Hester Hill Schnipper, LICSW, OSW-C Program Manager, Oncology Social Work
JUNE 14, 2017
Yesterday I wrote about fatigue, and pain seems a worthy companion piece. Fortunately, many cancer patients never have to contend with pain beyond fairly minor issues like needle sticks or (not so minor in the short-term, I know) recovery from surgery. However, far too many people with cancer do live with pain, and many of the rest of us worry about that eventuality.
This is a piece from Medscape about a newly developed program to help people manage cancer pain. It includes pain management, patient advocacy, and strategies to better live with pain. Let me put in a plug here for consultation with a Palliative Care Team. Palliative Care does not mean hospice care, but is an attempt to help people live with the best possible quality of life in spite of symptoms. Palliative care specialists know a lot about pain management and are surely an excellent resource.
Here is the start and a link to read more:
'Power Over Pain' Intervention Tackles Perception of Cancer Pain
Nancy A. Melville
PITTSBURGH, Pennsylvania — – A new interventional model for self management
of cancer pain focusing on reinforcement of the perception of pain control shows efficacy in the treatment of African Americans with cancer pain in a longitudinal, randomized study and may have benefits in other populations. "Interventions to increase perceived control over pain have the potential to improve functional status by decreasing pain and pain-related distress," said first author, April Hazard Vallerand, PhD, from the College of Nursing at Wayne State University, Detroit, Michigan, in presenting the findings here at the American Pain Society (APS) 2017 Annual Scientific Meeting.
Dubbed Power Over Pain – Coaching (POPC), the intervention was designed with the goal of giving patients the perception of having control over pain, hence reducing pain-related distress, which has a strong link to functional status.
The program focuses on three main components: medication management, pain advocacy, and aspects of living with pain. The intervention is delivered by nurses trained in its components in home and phone visits to patients.

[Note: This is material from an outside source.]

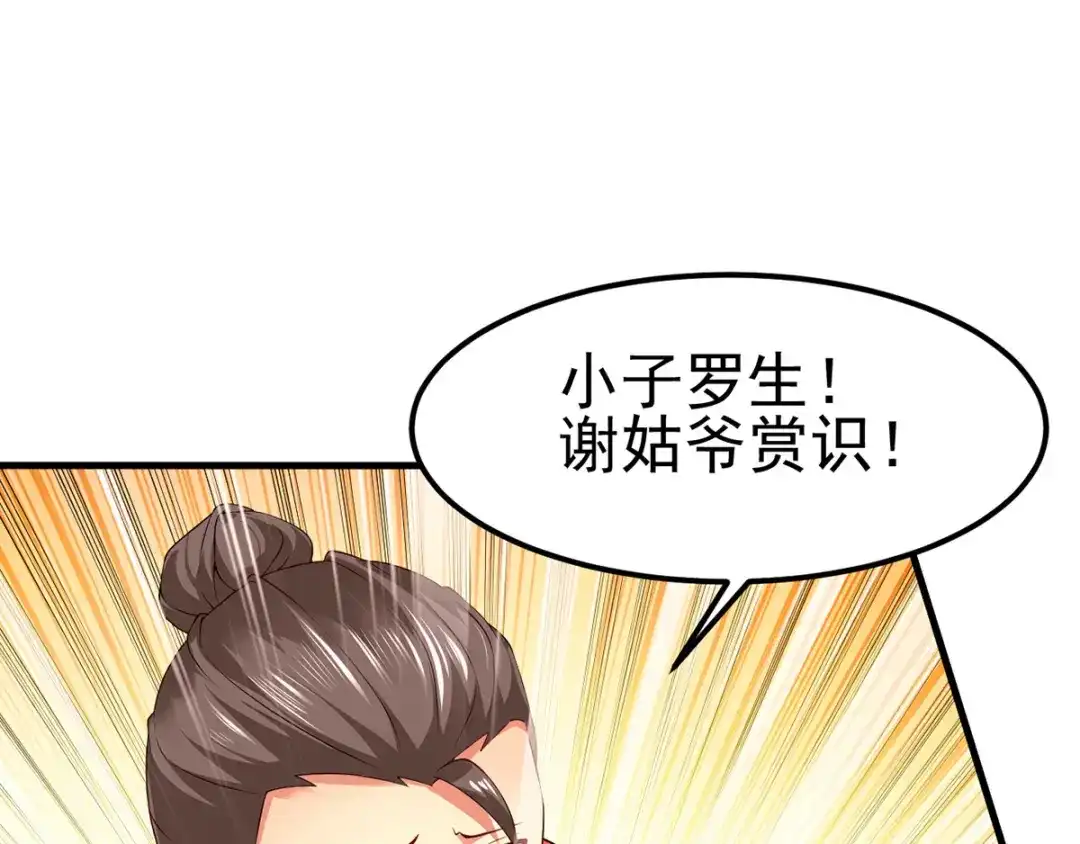 《本婿修的是贱道》第10话 沙场秋点兵 第80页
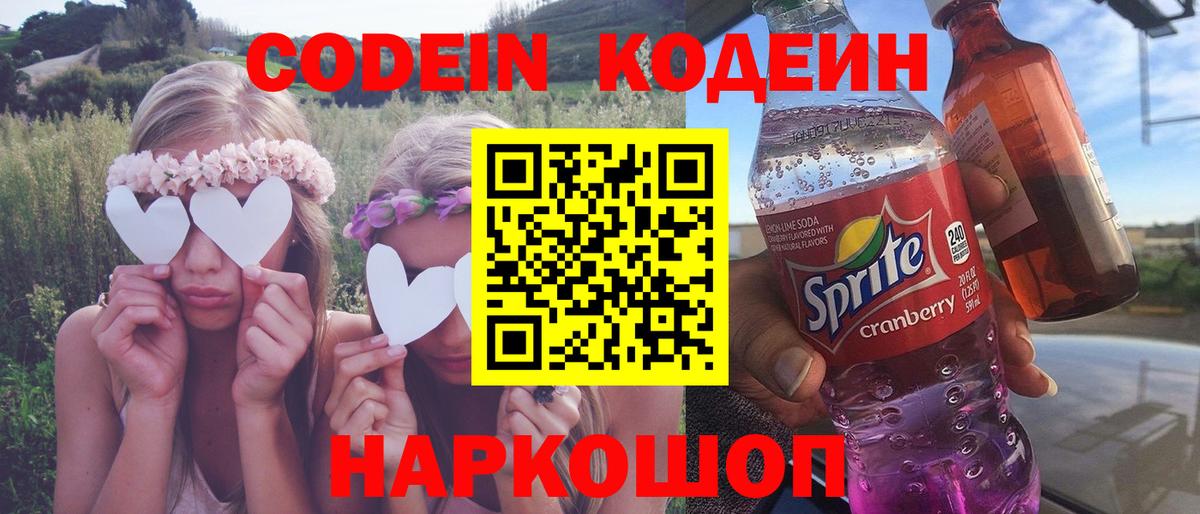 Грязи  Codein Purple Drank  Вход с VPN  Кодеин напиток Lean (лин)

Previous research has shown that African Americans experience higher levels of pain and painrelated distress and consequently have lower functional status with cancer-related pain. Dr Vallerand and her colleagues therefore focused on African American patients with cancer for this initial investigation of the POPC intervention. For the study, they randomly assigned 236 African American patients (63% female), with a mean age of 56.2 years, from an urban comprehensive cancer center to receive the POPC intervention, including home and phone visits (n = 180) or home and phone visits by nurses for data collection only and with no delivery of the intervention (n = 130). Home visits were made at weeks 2, 4, and 6 and phone calls for reinforcement were made at weeks 3 and 5.